Yankee has lived most of his life in Columbia, where he took evening classes at Columbia College for his undergraduate degree, continuing his education at William Woods University to earn an MBA. A newspaper ad led him into the mortgage business, where he started as an assistant at Wells Fargo before becoming a loan officer. From there, at the age of 25, Yankee struck out on his own and started Flat Branch Home Loans. “Being 25 was the perfect time to do it,” he says. “I had nothing to lose. I was broke already. It’s harder when you’re older and have responsibilities and kids.”
Now that Flat Branch is an established company, Yankee is no longer broke, and he has more responsibilities than most other 38-year-olds could handle. In addition to the daily stresses and strains of running Flat Branch, he is a father of two, and makes time to mentor a child in the Big Brothers/Big Sisters of Central Missouri. At this stage of his life, Yankee has developed the confidence and maturity needed for a successful life and business. He knows what he excels at and accepts his limitations. “I’m a terrible manager,” he says. “But I’m a better builder. I’ve got a great management team that I rely on.”
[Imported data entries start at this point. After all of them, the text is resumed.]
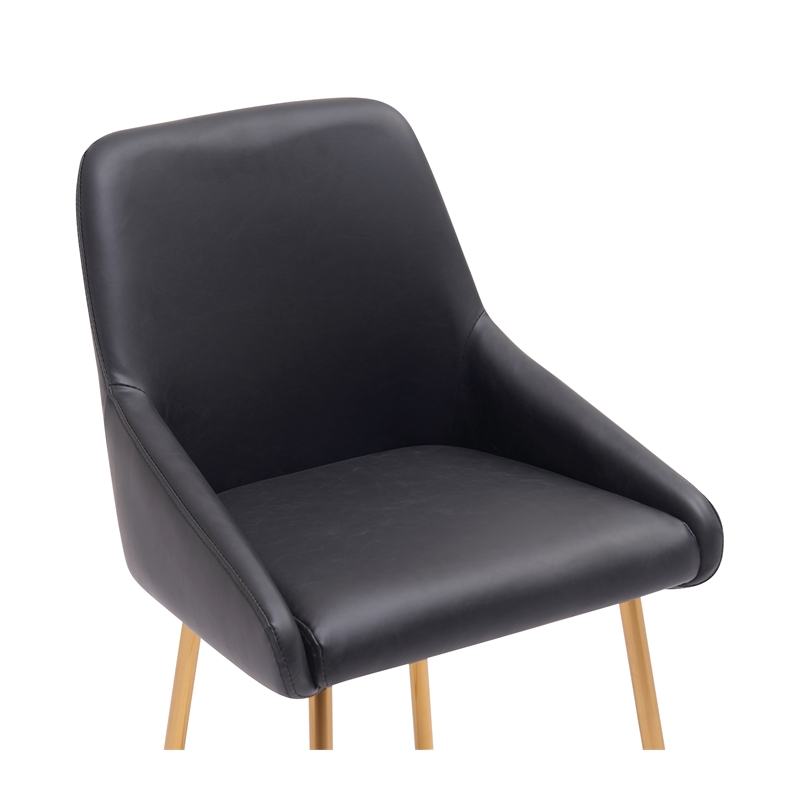Pemberly Row Contemporary Gold Counter Stool in Black Faux Leather (Set of 4)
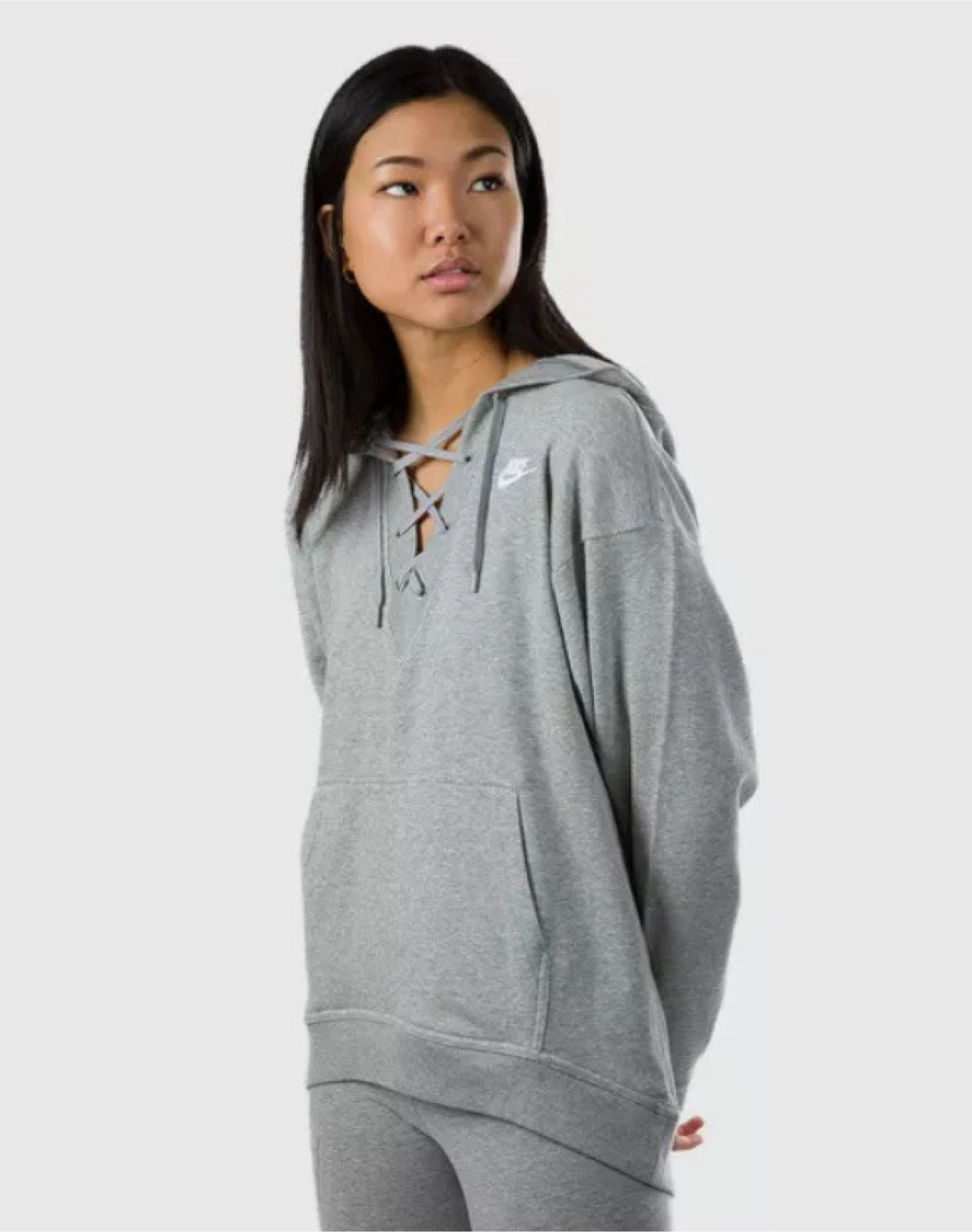Nike Grey Lace-Up Hoodie XS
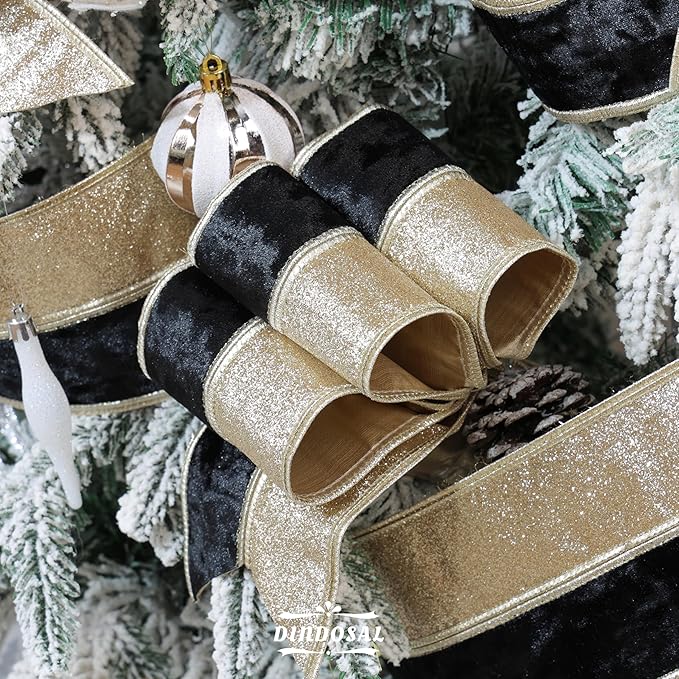 Black Velvet Wired Christmas Ribbon 4 Inch Extra Wide Thick Black and Gold Glitter Holiday Ribbon – 10-Yards Roll for Tree Decorations, Gift Wrapping, Wreaths, and DIY Crafts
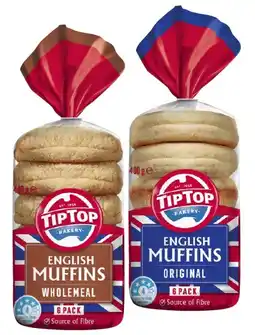 Coles Tip Top English Muffins 6 Pack 400g offer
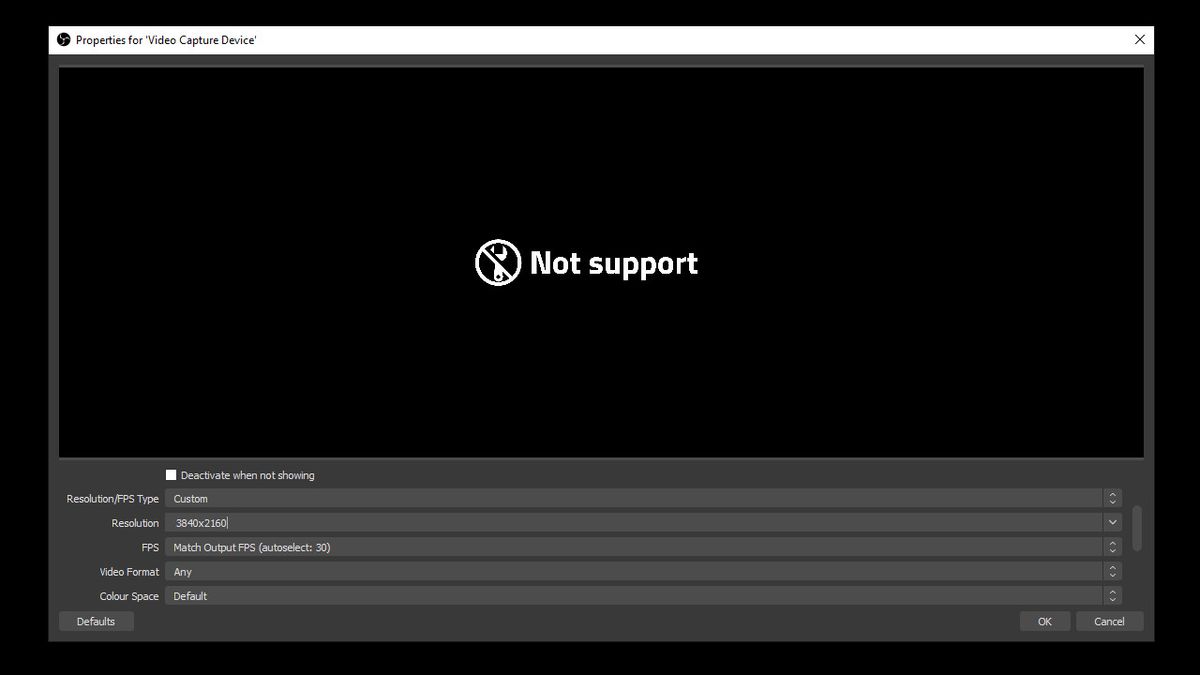 IOGear UpStream 4K OBS Studio error message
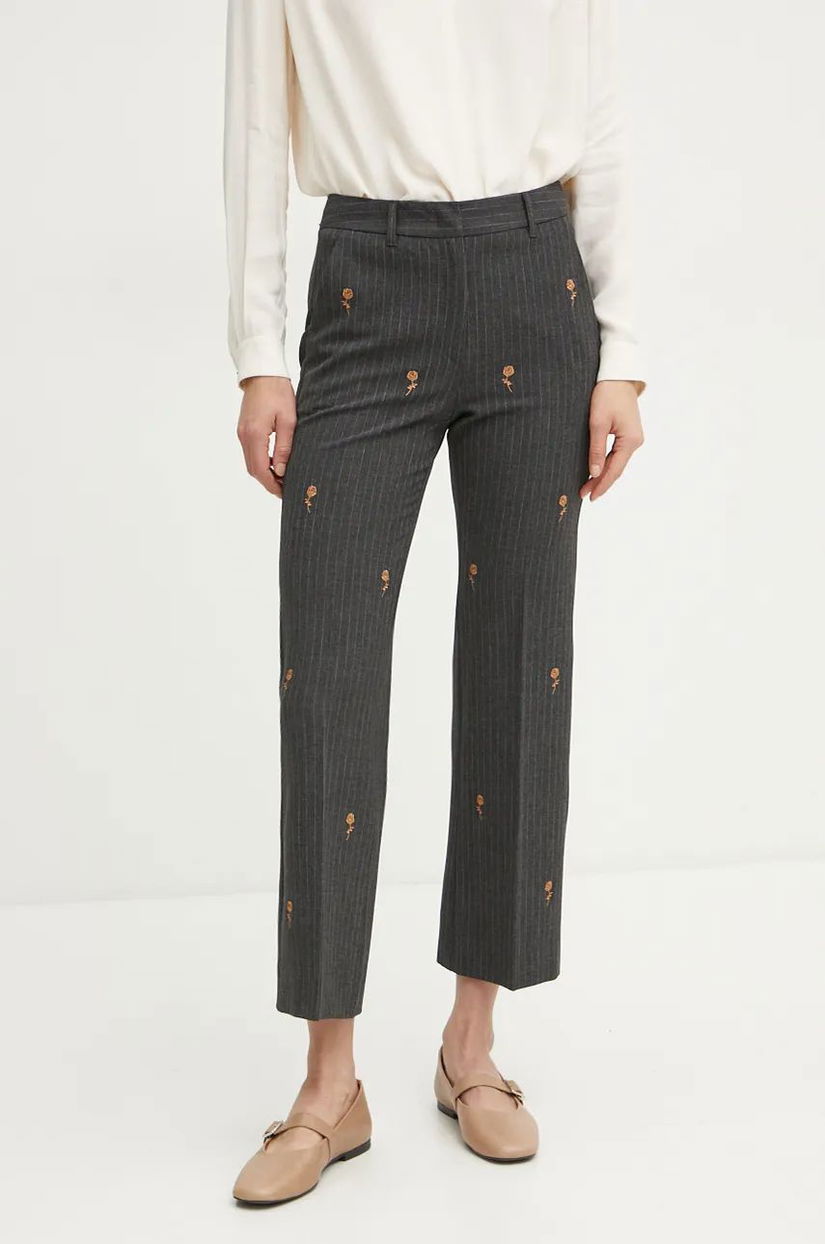 Marella pantaloni femei, culoarea gri, drept, high waist, 2423136251200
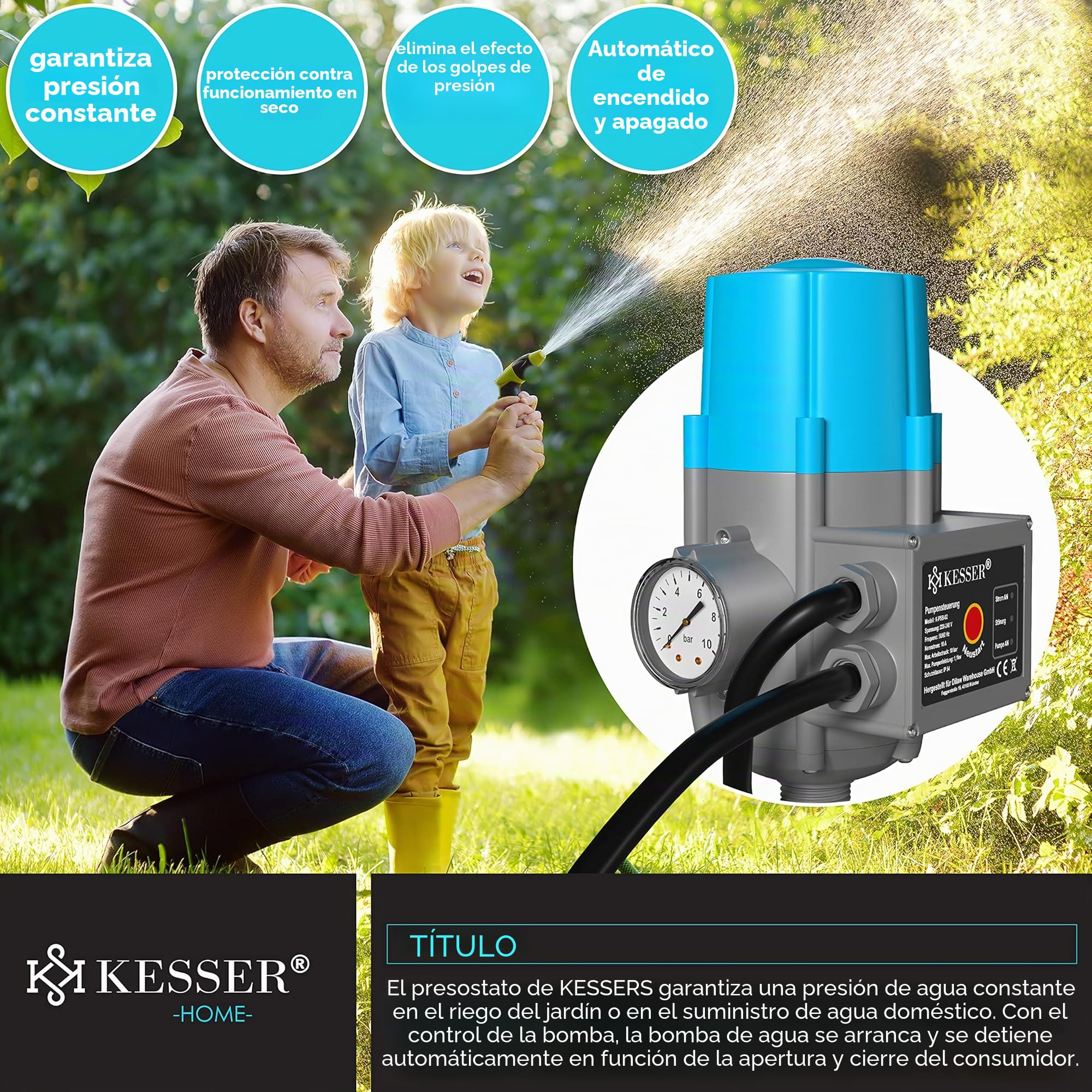 KESSER® Controlador de Bomba con Indicador de Presión en Bar | con Cable | Interruptor de Presión Electrónico 10 bar | Monitorea la Presión del Agua - Encendido y Apagado Automático Azul/Gris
Yankee has a fast-paced yet friendly speaking style. Although he has a streak of modesty to his personality, mostly, he projects self-assurance. Home mortgages may be all about money, but Yankee himself has built his business around relationships. Instead of relying on advertising for new customers, he has created partnerships with builders and real estate companies. In Columbia, Flat Branch has loan officers in the offices of House of Brokers, Re/Max, Century 21 and Weichert.
When prospective customers meet a Flat Branch loan officer, the experience Yankee aims for is more personal than the online chat offered by Internet loan companies. “I want to have a warm, inviting atmosphere where the process is clearly communicated and we deliver and close on time, and where everything we say we’re going to do happens,” he says.
Unlike most other mortgage companies, the relationship between Flat Branch and its customers continues for up to 30 years. According to Yankee, Flat Branch is probably the only mortgage company in Missouri that has an in-house servicing department that handles every aspect of loan servicing. “All our servicing people sit in Chesterfield. They’re a part of our culture, part of our family,” he says.
Establishing a corporate culture that extends to 40-plus branch offices is a challenge. Once a year, he brings employees from all the branch offices to Columbia for a rally. Offices also hold appreciation days. His guiding principle behind the Flat Branch culture is simple: “Our employees spend most of their life here, so we want to make sure it’s a place they want to be, where they feel loved, appreciated and part of a family,” he says.
Recently, Yankee added another feature to the corporate culture. In January, the company started a foundation called the Giving Branch. Employees were offered a chance to contribute one percent of their salary, which is matched by the company. To date, 92 percent of employees are participating. “The money will go to regional teams that will give the money back to the community,” Yankee says.
If the foundation seems similar to the one that Veterans United is known for, that’s no accident. Yankee is friends with Brock and Brant Bukowsky and he acknowledges their leadership in the home loan industry. And like the Bukowskys, Yankee has found a path to success in the mortgage business. “We focus on the service, local relationships and being part of the community,” he says.